Task 1: Given a set of disambiguators {d1, ... dn} and a set of
sentences with multiple parses (each sentence associated with multiple
parse trees) plus an indication of the preferred parse of each
sentence, how do you determine the optimal ordering of {d1..dn}, in
the sense of the one that produces a ranking most closely resembling
the ranking given in the input?
I have been told that there is a standard algorithm for "learning
decision lists" which will accomplish this, but I don't know where to
find it.
Task 2: Consider more complicated ways of combining disambiguators.
Each disambiguator returns one of 3 values: 1, 2, or Eq. Now given a
list of of N disambiguators, you consider all combination functions
from N values chosen from {1,2,Eq} (that is, from the rankings the N
individual disambiguators return) to a value in {1,2,Eq} (namely, the
final ranking.) The ordering of disambiguators mentioned above is just
one such function - it just starts at the left of the input vector and
takes the first non-Eq value it finds.
Given the same input as described above, how do we find the optimal
combination function?
Task 3: Do task 2, but incrementally. You don't get the ranked
sentences all at once, but one at a time, updating the combination
function each time, gradually converging on the best fit.
I would be grateful for any pointers to relevant literature on any of
these problems. Please reply to me directly.
Thanks
Jim Barnett barnett@mcc.com
(512) 338-3607
[Editors notes:
1. Please forward replies to ml-list as well.
2. If you are willing to make this data set generally available,
you might find 10 people willing to try different algorithms on your
problem. If so, contact "pmurphy@ics.uci.edu"
3. You are probably not going to find an optimal order. The best you
can hope for is one minimizes error on the training data, or one that
is a trade off error on the training data for simplicity of the
combination function.
4. To me, your task 1 seems harder than tasks 2 or 3, (perhaps because
the combination function in task 1 is so constrained). Do you need this
solved or would you be happy if just 3 were solved.
5. A good start would be:
Quinlan, R. (1986). Induction of decision trees. Machine Learning, 1,
81-106. There are several later papers describing incremental versions
of decision tree learners (That will solve task 3 if this paper will
solve task 2 for you). This, as well as a variety of other programs
will be applicable if you can coerce the training data into a set
of examples, where each example is a set of attributes (perhaps
d1, d2 ..., dn) where each attribute takes on a value, (e.g., 1,
2 or Eq) and each example belongs to one of a small number of classes
(e.g., Preferred or Not Preferred) For example:
<d1:1, d2:1, d3:Eq, d4:2> Preferred
<d1:1, d2:1, d3:Eq, d4,1> Preferred
<d1:2, d2:1, d3:1, d4,2> Not Preferred
From your description, I'm not positive that you can do this.
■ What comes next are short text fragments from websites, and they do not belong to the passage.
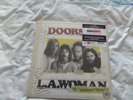 THE DOORS L.A. WOMAN THE WORKSHOP SESSIONS SEALED 3 SIDED 12 INCH VINYL LP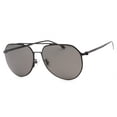 thumbnail image 1 of Lente de Sol BOSS 1404FSK 00VKM9 61mm HOMBRE negro, 1 of 2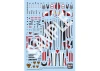 HG 1:100 VF-25F Messiah Valkyrie Alto Custom Water Decals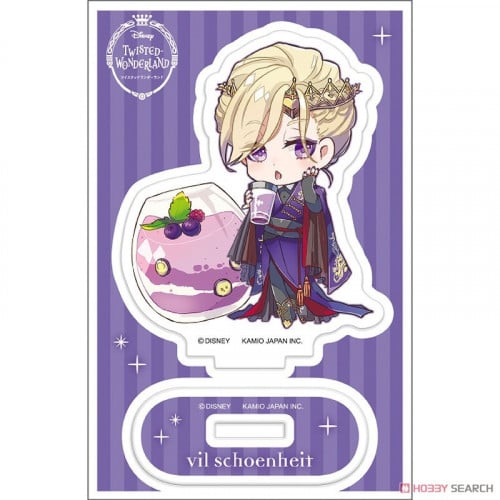 twisted wonderland stand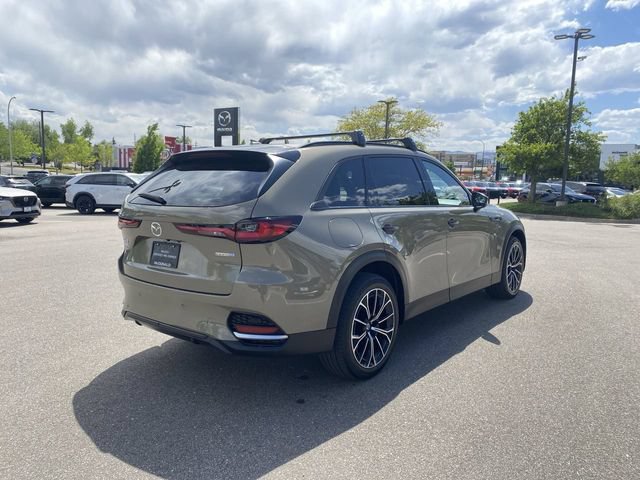 Certified 2025 MAZDA CX-70 Plug-In Hybrid w/ Premium Plus AWD/4WD image 5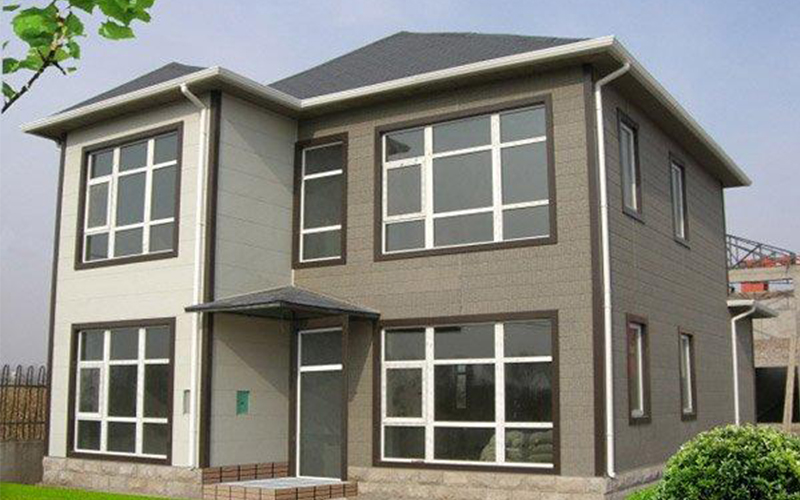 Advantages and Functions of Prefabricated Houses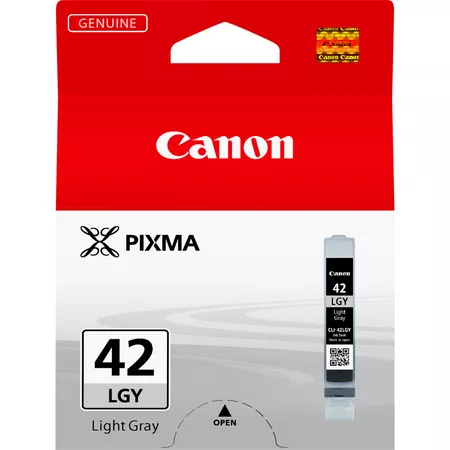 CLI-42LGY Light Gray ink tank For PIXMA PRO 10/ PRO100 [2]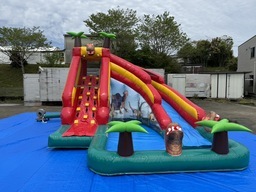 恐竜ウォータープレイラント3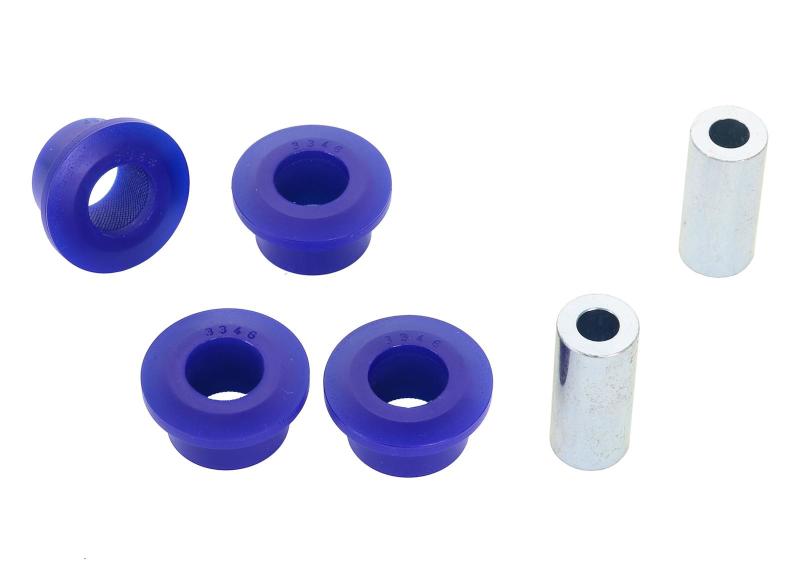 SuperPro 2007 Volkswagen Eos Base Delantero Inferior Interior Adelante Brazo de Control Bushing Kit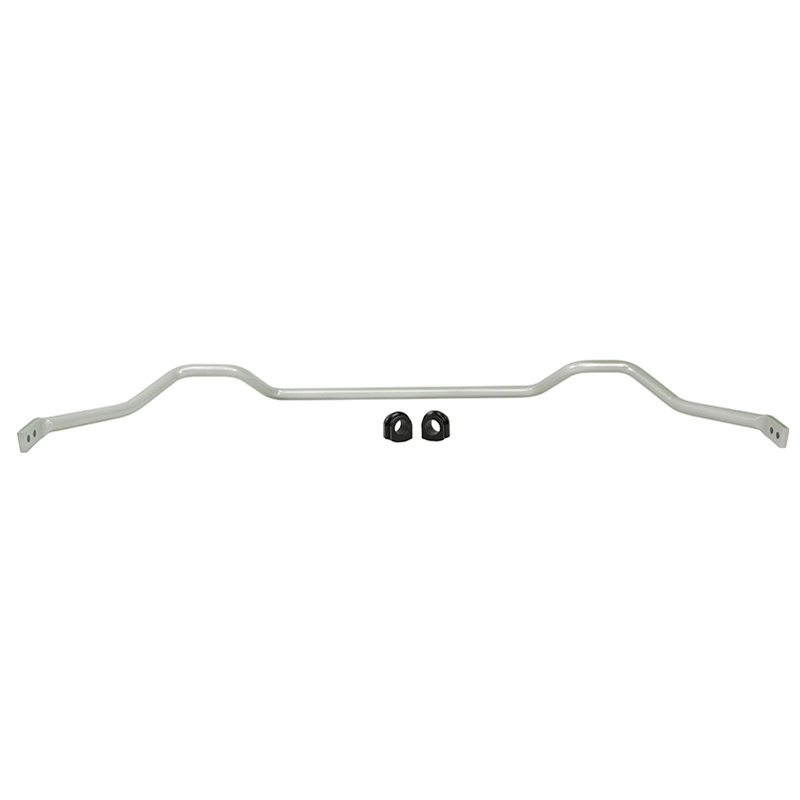 Whiteline Barre stabilisatrice avant 24mm Heavy Duty réglable sur mesure pour Nissan Skyline R32/R32 Coupé 1989-1993 Exclusif 4x4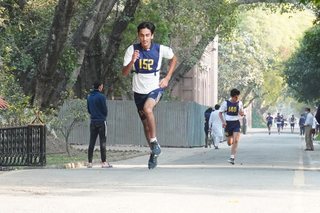 Walter A. Robinson Cross Country Race 2021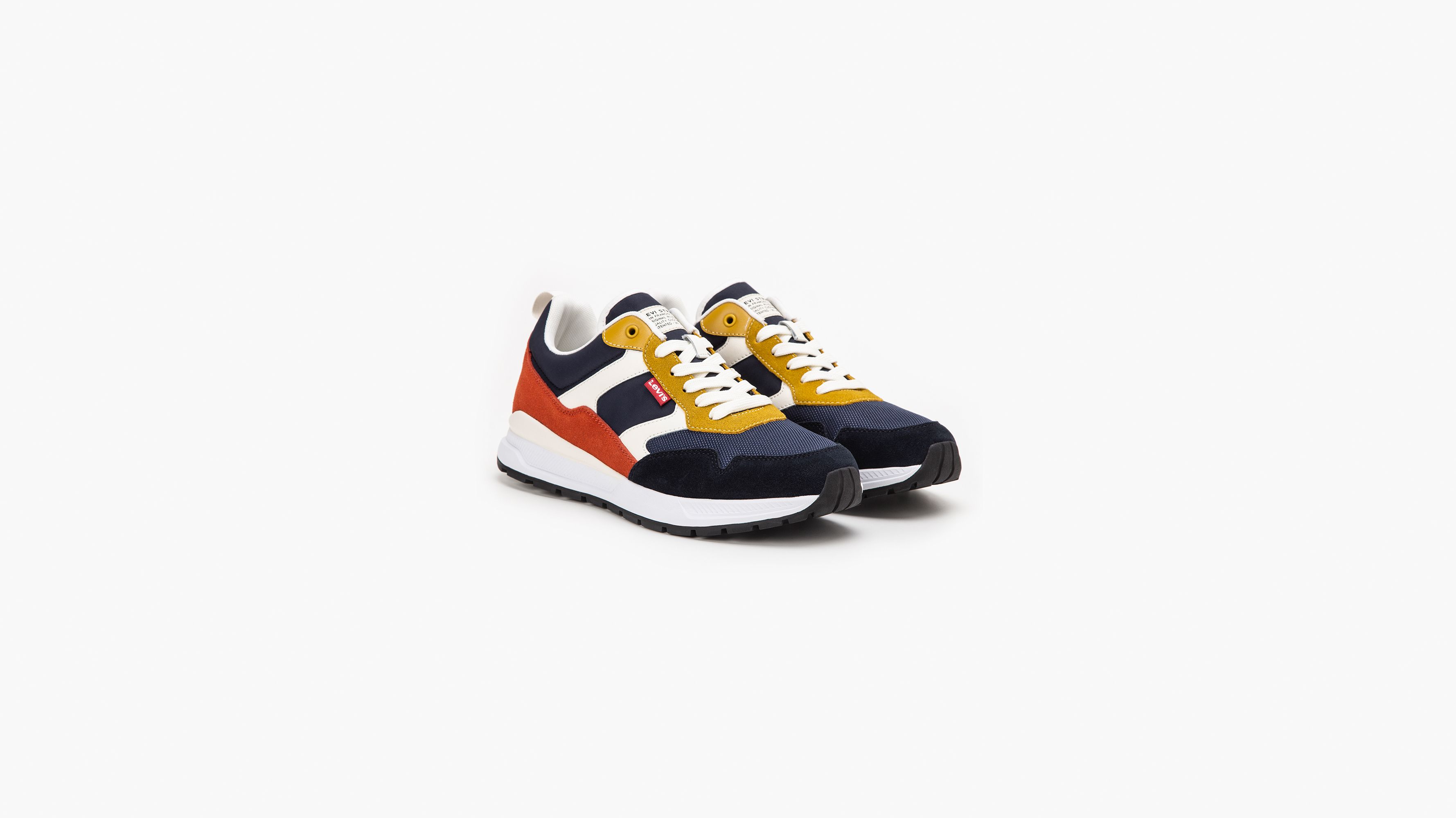 Levi's® Men’s Oats Refresh Sneakers 2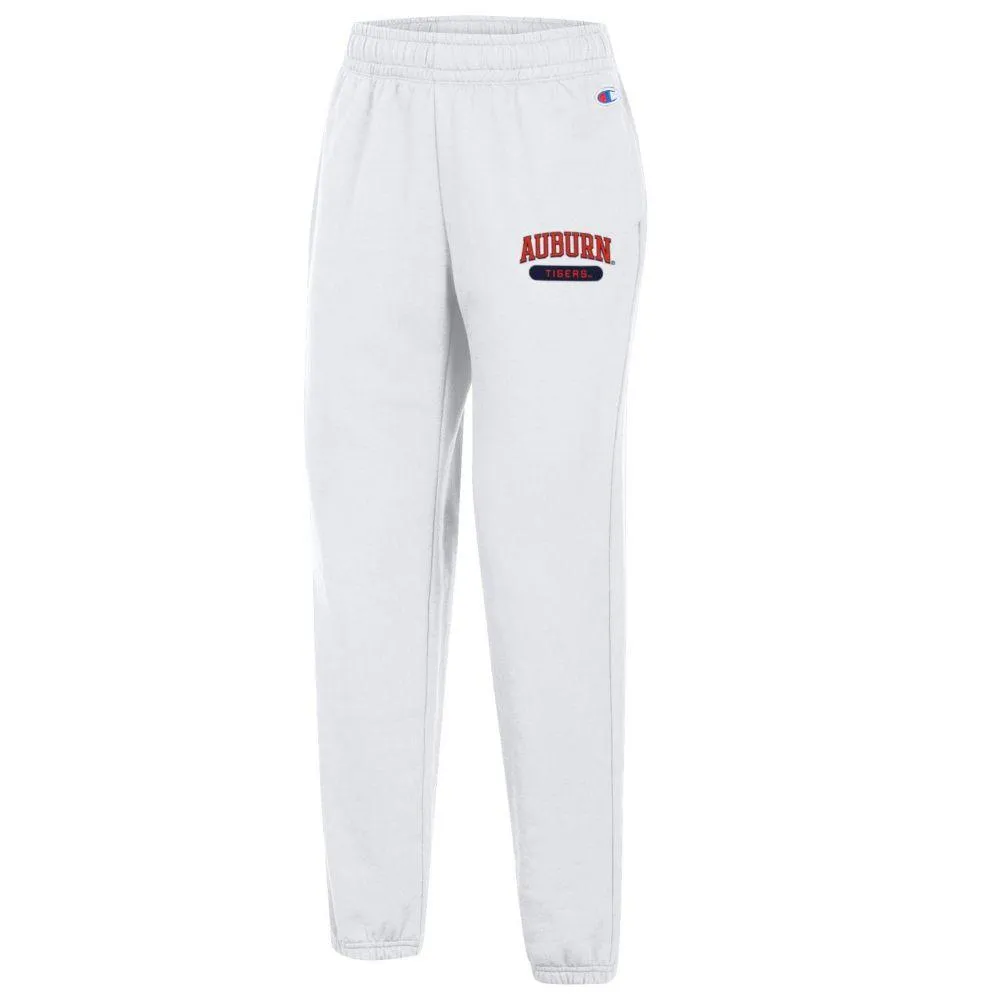 Aub | Auburn Champion Women's Power Blend Sweatpants Alumni Hall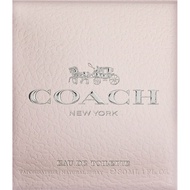 Uyeni Trading Coach Eau de Toilette 30mL 30ML-100ML Up to Womens Eau de Toilette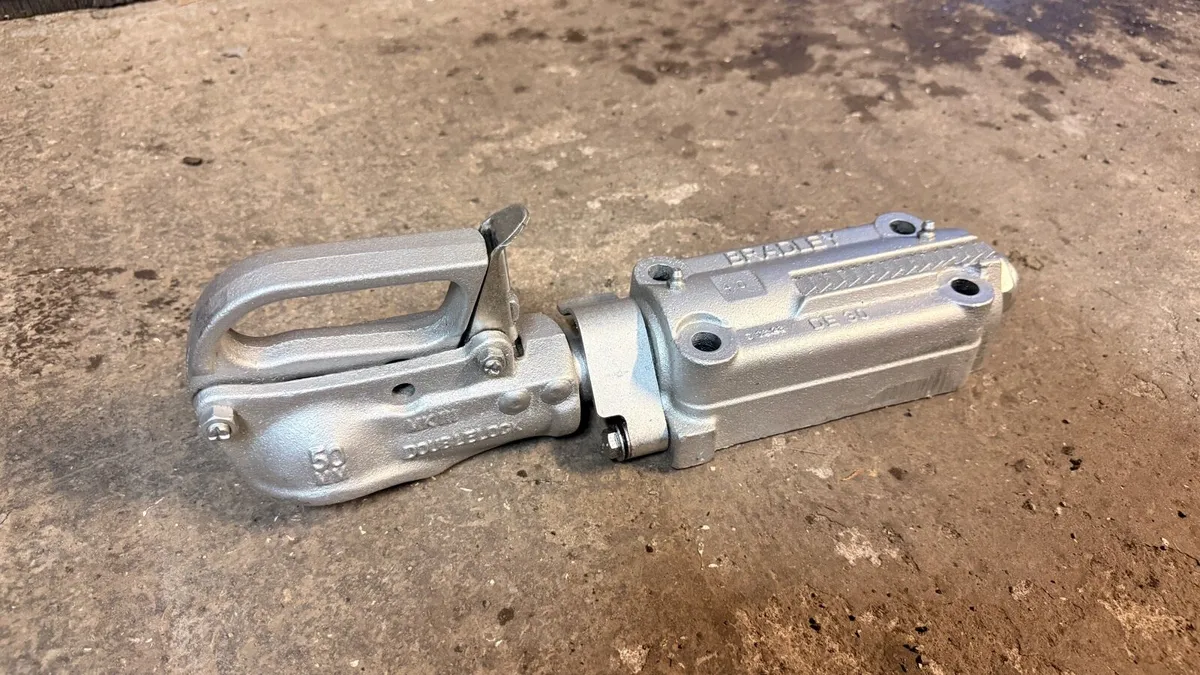Trailer hitch 2250KG - Image 1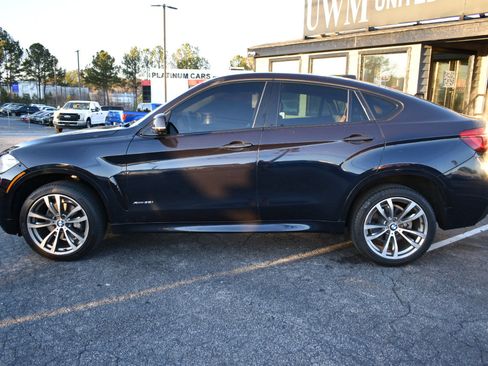 Used 2015 BMW X6 xDrive35i image 9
6. Since you mention "decision lists" here is a good reference:
Pagallo, G., & Haussler, D. (1990). Boolean feature discovery in
empirical learning. Machine Learning, 5, 71-100. This will also
be applicable if the previous system is.
7. A recent volume edited by Shavlik & Diettrick called something
like "Readings in Machine Learning" available from Morgan Kaufmann
contains reprints of many "classic" papers.
-Mike]
------------------------------
From: Jude Shavlik <shavlik@cs.wisc.EDU>
To: ml@ics.UCI.EDU
Subject: Wisconsin FTP Site for ML Papers
The connectionist community has a very successful archive of postscript
versions of recent papers. This archive, called neuroprose, is located at
Ohio State and managed by Jordan Pollack. I suggest the readers of ML-LIST
emulate this useful method of rapid dissemination of research.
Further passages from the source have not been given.